Using math and psychology
With the big no-brainer decisions out of the way, it's now time to use some math. To get to $165 billion in total sales by 2000, you'll need an enormous amount of foot traffic. As Motley Fool Research analyst John Del Vecchio relates in his research report on Wal-Mart, some 100 million customers shop Wal-Mart each week. That equates to 5.2 billion individual customer visits per year -- enormous by just about any standard.

To generate such an enormous amount of traffic, you'll need to look to the discipline of psychology and rely on the general principle known as "the social proof." Knowing that shoppers can be influenced to spend based simply on their "monkey see, monkey do" tendencies, you can use social proof to trigger what Munger has called "imitative consumption."

Thankfully, by 2000 you'll employ a lot of initial "monkeys" -- 885,000 of them in the U.S. alone. A force of 885,000 domestic employees represents quite a societal force for influencing action, being roughly equal in size to the populations of Montana or Vermont. Presumably, these employees will spend some of their discretionary income at your stores, providing a portion of your needed foot traffic. Better yet, they will also presumably be able to sway the consumption decisions of friends, neighbors, and family members, helping to catalyze social proof effects.

"Invert, always invert"
Now, with the social proof helping to generate your enormous foot traffic, it's time to return to the numbers. Working in reverse, you'll need to generate an average ticket of just $30 from each of the 5.2 million annual customer visits to get to $156 billion in annual retailing revenues. Given your varied merchandise mix and the higher levels of disposable income of consumers in 2000 compared to 1980, this seems attainable. Of course, many visits will yield no sales at all, while many others will yield total sales two or three times the average ticket. But on average, a $30 average ticket per customer visit does not seem particularly outrageous.

With an additional $9 billion in revenues coming in from a healthy wholesaling business -- which is operated on the same principles of value, service, and excellence as the retailing business -- you can achieve the requisite $165 billion in 2000 sales. So, you're at the year 2000 finish line, except for one small item: How much is all this worth?
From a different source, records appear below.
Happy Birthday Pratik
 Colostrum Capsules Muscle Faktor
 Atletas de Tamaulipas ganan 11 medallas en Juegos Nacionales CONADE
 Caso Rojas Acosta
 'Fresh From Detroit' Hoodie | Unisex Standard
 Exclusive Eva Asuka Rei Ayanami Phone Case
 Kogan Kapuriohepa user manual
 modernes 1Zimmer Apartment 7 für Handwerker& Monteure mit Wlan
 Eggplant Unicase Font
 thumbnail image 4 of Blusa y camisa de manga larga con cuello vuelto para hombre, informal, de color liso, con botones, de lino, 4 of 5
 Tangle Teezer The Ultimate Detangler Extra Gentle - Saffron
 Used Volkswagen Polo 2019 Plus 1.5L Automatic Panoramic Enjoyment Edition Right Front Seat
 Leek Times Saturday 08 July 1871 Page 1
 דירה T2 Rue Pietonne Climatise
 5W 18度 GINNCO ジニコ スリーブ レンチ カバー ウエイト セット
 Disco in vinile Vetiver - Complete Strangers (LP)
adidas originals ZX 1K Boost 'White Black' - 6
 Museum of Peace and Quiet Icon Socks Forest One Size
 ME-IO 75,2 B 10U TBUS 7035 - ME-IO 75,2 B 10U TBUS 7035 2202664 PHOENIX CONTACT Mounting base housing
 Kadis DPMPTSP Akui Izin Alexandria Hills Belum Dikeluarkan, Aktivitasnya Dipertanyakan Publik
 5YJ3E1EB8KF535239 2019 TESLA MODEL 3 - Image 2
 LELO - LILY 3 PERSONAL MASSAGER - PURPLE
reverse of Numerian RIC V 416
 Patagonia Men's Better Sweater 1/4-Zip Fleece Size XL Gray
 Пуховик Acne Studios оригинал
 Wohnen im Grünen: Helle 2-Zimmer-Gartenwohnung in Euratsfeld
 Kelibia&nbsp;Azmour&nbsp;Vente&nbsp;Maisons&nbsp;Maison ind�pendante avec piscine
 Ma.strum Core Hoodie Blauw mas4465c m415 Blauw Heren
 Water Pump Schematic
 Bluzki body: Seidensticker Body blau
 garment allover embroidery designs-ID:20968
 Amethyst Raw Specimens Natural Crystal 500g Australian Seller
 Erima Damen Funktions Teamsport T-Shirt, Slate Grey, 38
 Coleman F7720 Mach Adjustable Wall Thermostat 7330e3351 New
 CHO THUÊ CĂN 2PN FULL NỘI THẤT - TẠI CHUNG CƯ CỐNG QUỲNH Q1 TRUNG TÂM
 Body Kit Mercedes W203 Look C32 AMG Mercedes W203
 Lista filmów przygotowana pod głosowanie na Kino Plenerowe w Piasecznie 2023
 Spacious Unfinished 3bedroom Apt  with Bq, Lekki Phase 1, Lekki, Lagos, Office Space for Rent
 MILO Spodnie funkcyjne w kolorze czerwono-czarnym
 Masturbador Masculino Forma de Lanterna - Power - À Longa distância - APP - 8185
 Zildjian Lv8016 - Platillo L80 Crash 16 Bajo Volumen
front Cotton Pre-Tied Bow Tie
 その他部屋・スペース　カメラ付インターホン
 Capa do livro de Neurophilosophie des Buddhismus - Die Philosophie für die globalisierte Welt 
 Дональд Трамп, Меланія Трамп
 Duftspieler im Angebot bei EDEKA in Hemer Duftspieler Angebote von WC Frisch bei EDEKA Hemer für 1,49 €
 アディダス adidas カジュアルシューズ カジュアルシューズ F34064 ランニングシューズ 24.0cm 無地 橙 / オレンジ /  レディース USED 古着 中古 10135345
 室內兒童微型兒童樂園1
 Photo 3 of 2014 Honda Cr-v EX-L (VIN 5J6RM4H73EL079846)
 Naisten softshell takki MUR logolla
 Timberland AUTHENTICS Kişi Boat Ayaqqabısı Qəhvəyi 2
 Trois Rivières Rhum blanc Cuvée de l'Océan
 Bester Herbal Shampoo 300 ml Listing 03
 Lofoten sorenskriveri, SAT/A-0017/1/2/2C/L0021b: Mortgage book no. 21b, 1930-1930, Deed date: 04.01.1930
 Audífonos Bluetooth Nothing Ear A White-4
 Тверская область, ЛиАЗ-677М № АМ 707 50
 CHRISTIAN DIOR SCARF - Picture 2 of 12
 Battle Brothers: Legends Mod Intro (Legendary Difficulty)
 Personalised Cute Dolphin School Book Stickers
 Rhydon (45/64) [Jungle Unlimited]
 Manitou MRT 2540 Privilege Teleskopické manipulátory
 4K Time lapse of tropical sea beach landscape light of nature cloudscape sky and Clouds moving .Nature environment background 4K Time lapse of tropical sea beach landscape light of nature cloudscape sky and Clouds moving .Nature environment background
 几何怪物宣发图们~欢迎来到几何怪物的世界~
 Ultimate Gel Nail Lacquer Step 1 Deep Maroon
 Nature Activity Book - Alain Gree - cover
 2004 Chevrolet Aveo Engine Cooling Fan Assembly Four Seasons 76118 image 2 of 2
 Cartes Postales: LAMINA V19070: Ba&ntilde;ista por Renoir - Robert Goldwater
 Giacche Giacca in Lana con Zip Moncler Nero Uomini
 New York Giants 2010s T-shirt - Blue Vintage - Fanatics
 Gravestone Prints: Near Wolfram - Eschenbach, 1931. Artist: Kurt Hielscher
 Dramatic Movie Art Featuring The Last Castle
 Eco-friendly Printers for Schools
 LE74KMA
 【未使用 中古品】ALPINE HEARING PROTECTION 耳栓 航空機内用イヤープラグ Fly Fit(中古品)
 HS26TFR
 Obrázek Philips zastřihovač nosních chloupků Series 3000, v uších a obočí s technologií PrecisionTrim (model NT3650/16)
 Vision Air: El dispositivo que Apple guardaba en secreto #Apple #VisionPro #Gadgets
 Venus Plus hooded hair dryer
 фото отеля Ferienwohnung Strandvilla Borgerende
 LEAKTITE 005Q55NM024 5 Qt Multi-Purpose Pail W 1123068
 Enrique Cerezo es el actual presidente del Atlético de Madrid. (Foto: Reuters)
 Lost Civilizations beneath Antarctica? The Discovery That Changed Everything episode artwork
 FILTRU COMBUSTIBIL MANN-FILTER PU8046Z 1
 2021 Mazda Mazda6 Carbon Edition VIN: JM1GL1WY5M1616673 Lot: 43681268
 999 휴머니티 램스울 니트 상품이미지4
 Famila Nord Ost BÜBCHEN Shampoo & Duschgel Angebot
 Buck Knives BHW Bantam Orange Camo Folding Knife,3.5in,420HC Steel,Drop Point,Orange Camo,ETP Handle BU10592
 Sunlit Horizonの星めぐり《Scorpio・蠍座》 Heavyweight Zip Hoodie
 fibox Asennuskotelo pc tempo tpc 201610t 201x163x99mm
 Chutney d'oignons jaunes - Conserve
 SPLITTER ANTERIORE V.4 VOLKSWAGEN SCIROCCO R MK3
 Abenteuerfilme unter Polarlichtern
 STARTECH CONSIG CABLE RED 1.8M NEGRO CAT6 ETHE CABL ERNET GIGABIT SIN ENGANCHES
Like the average ticket estimation, this requires a judgment call as well. Consider that every dollar of Wal-Mart's sales in 1980 was only being valued by the market at $0.83. With all of the improvements to Wal-Mart's business over the past 20 years -- its domestic and international expansion, it's consistently strong growth rates, the lollapalooza effects from additional merchandise categories, the competitive advantages it has received from the social proof -- isn't it reasonable to expect that every revenue dollar today should be valued higher than in 1980? At just twice the 1980 multiple, or $1.66 of market value for every revenue dollar, we can see Wal-Mart at a $274 billion valuation in 2000, a bit ahead of our target.

Concluding thoughts
It's likely, though, that Tom may find fault with this proof and the valuation methodology employed. In fact, I'd probably agree with him on many points. After all, to envision today's Wal-Mart in 1980 would have entailed some pretty aggressive assumptions and high expectations. It would give new meaning to Sam Walton's own statement, "High expectations are the key to everything." But that does not mean that the exercise of valuation, using a framework like the one suggested by Munger, is useless or an utter waste of any investor's time.

There are weaknesses in every analytical model, just as there are shortcomings in every human individual. The trick with valuation is to understand what it is and what it is not. It is not about finding the right black box that will spit out the right magic number at the end of the day. Rather, it is an exercise into understanding the fundamental elements of a business and thinking critically about what the future may hold. In the end, it is the valuation journey itself that yields the most insights for an investor, not the final destination.